Holt’s director of post adoption services and adult adoptee Steve Kalb shares how the birth of his daughter helped create a new sense of identity.
It’s 1 AM, May 5th, 1978. A young couple sets forth from their small farm in Iowa to make a 4-hour drive to the Minneapolis-St. Paul International Airport. This is the day they’ll finally hold their baby boy. Unsure of his tastes, they packed the diaper bag with a bottle of water and a baggie of Cheerios. Surely his little stomach will be able to handle such benign snacks. Nervous, anxious, and probably a little scared, they sit at the gate, wondering if each incoming airplane holds their precious cargo. They’re not alone. There are other couples, too, just like them, waiting in suspense to meet their baby. As the announcement is heard over the airport intercom, a woman gathers the parents-to-be and prepares them for what’s about to happen next. Slowly, passengers start trickling out of the jet way while the eager group shifts from side to side in hopes of catching an early glimpse of their baby. At last, a middle-aged Korean woman holding a tiny baby boy is directed to the young couple. As she approaches, the young couple’s gaze focuses like a laser on the little boy she carries. It feels like they’re the only people in the airport. The surroundings fade away, time seems to slow, and the hectic sounds of Terminal A go quiet as the woman approaches. Suddenly, as if awakened from a dream, the ambient sounds return as the Korean woman gently hands the baby to his new mother. The Korean woman softly assures the baby in his native tongue, then peacefully pats his head and walks away. Mom is crying now, overwhelmed with emotion as she rhythmically sways back and forth comforting her new child, while Dad stands beside her gazing at his new son.
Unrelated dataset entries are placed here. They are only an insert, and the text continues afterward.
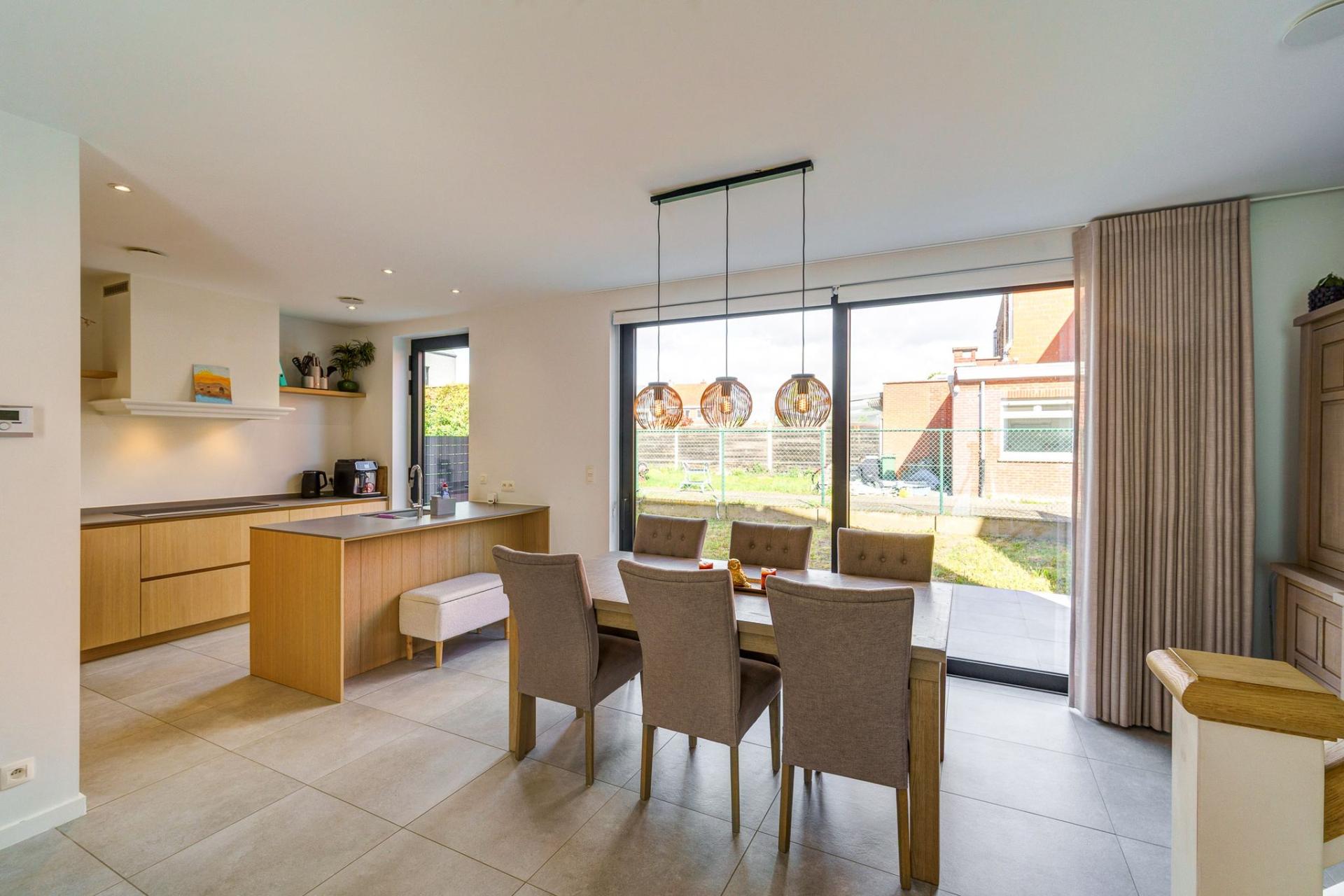 Recente BEN woning in rustige straat te Vremde/Boechout. — foto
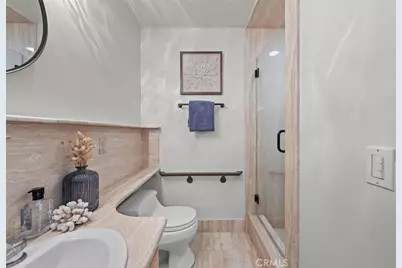2461 Silverstrand Avenue, Hermosa Beach, CA 90254 - Photo 29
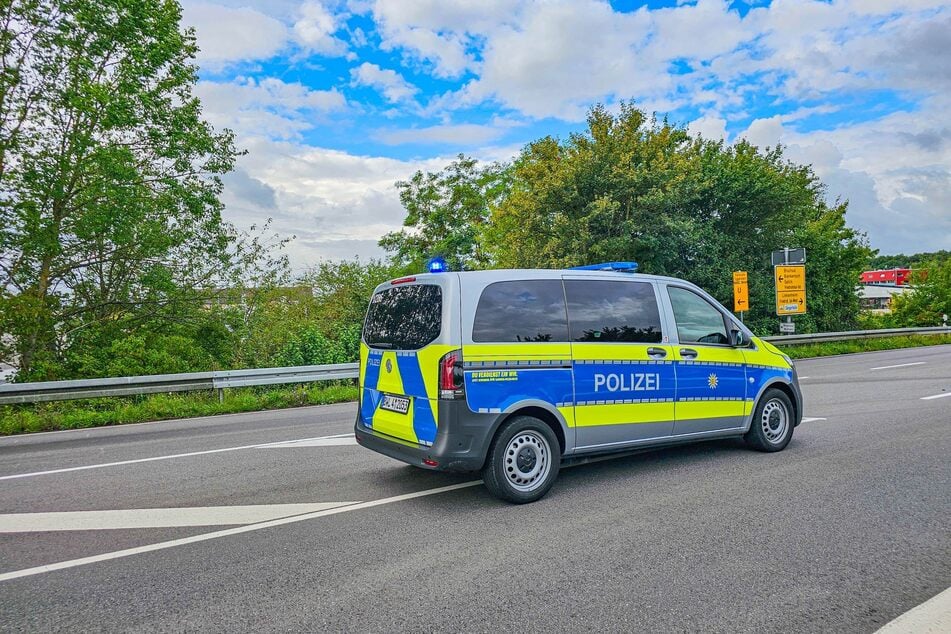 Polizisten sperrten den Kreuzungsbereich weiträumig ab.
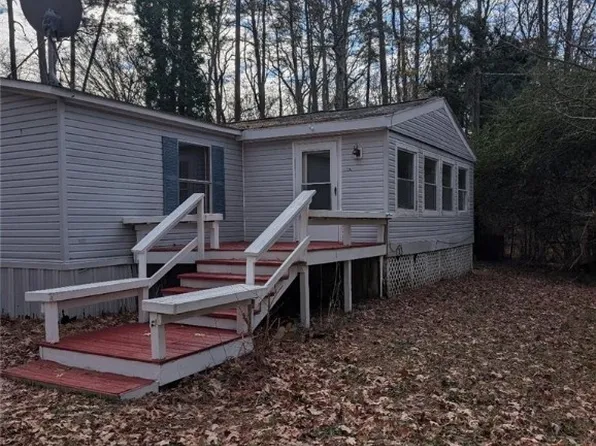 947 Salisbury Park Rd, Hague, VA 22469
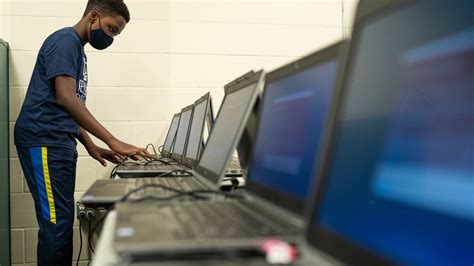 Students Step In To Refurbish Computers As School Needs Rise Mpr News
This is the story, more or less, I was often told before bedtime when I was a child. Regardless of how many times I heard it before, I was always excited to hear it again. They told me I didn’t cry until we were close to home some 4 hours later. I just sat there with a stoic expression, probably in shock, wondering who these people were, why everyone was speaking a different language, and where they got those delicious “o” shaped snacks. I was Mom and Dad’s first child, but they were not my first parents. If you count the middle-aged Korean woman who escorted me from Seoul, I was in the loving arms of 4 sets of caregivers before hunkering down in Iowa, all before I was 16 months old.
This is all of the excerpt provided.